▶ _Work to complete_:
Retype every record exactly. Skip the images.

Data excerpts START

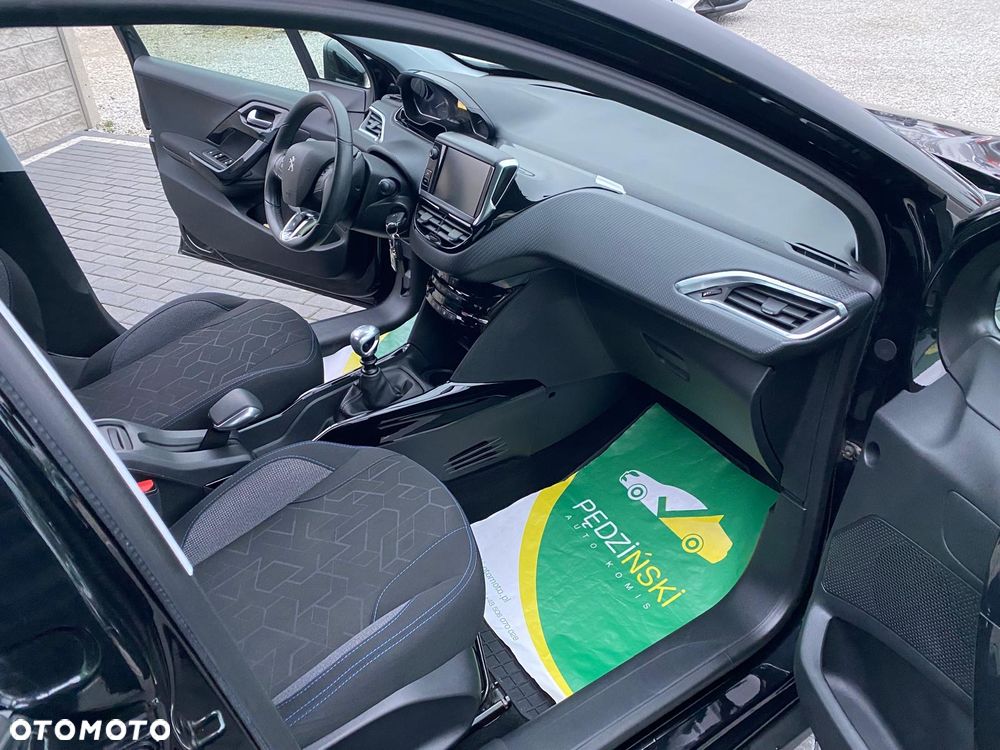 Peugeot 2008 PureTech 110 Stop&Start Allure - 6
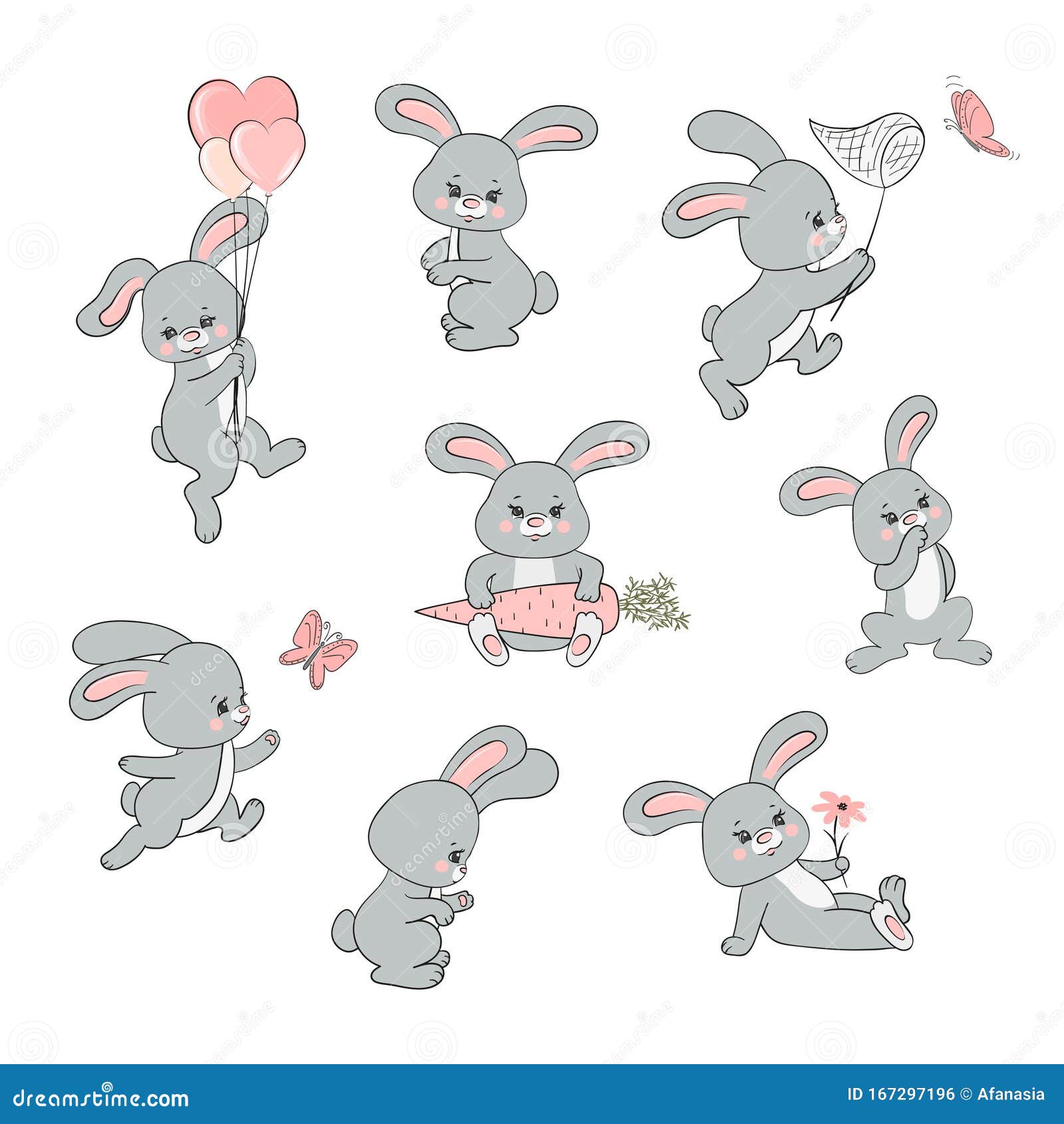 Conjunto De Tiernos Dibujos Animados Conejos Para Bebés Ilustración Del Haz De Vectores Ilustración del Vector - Ilustración de cabrito, standing: 167297196 Conjunto De Tiernos Dibujos Animados Conejos Para Bebés Ilustración Del Haz De Vectores Ilustración del Vector - Ilustración de cabrito, standing: 167297196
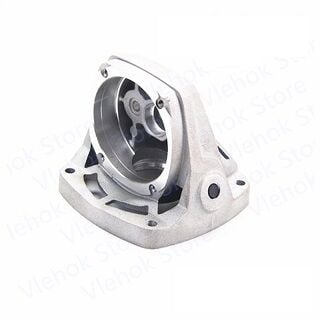 Şanziman Gövdesi (Gear Housing) (1619P15871)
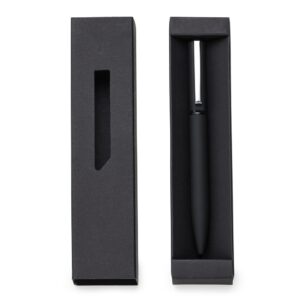 Caneta de Metal com Estojo.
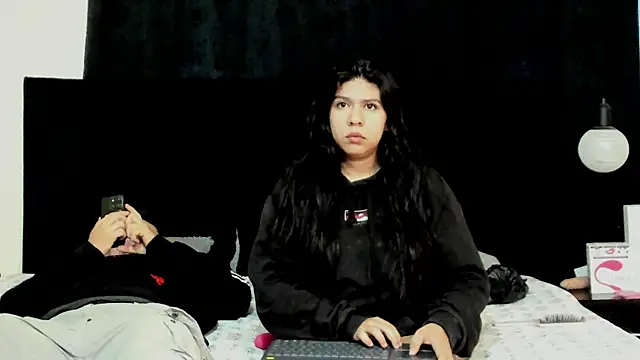 Snapshot of lissandthor13 chatting on October 10, 11:04 am lissandthor13 online show from October 10, 11:04 am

Data excerpts END

▶ _Problem solution_:
 Peugeot 2008 PureTech 110 Stop&Start Allure - 6
 Conjunto De Tiernos Dibujos Animados Conejos Para Bebés Ilustración Del Haz De Vectores Ilustración del Vector - Ilustración de cabrito, standing: 167297196 Conjunto De Tiernos Dibujos Animados Conejos Para Bebés Ilustración Del Haz De Vectores Ilustración del Vector - Ilustración de cabrito, standing: 167297196
 Şanziman Gövdesi (Gear Housing) (1619P15871)
 Caneta de Metal com Estojo.
 Snapshot of lissandthor13 chatting on October 10, 11:04 am lissandthor13 online show from October 10, 11:04 am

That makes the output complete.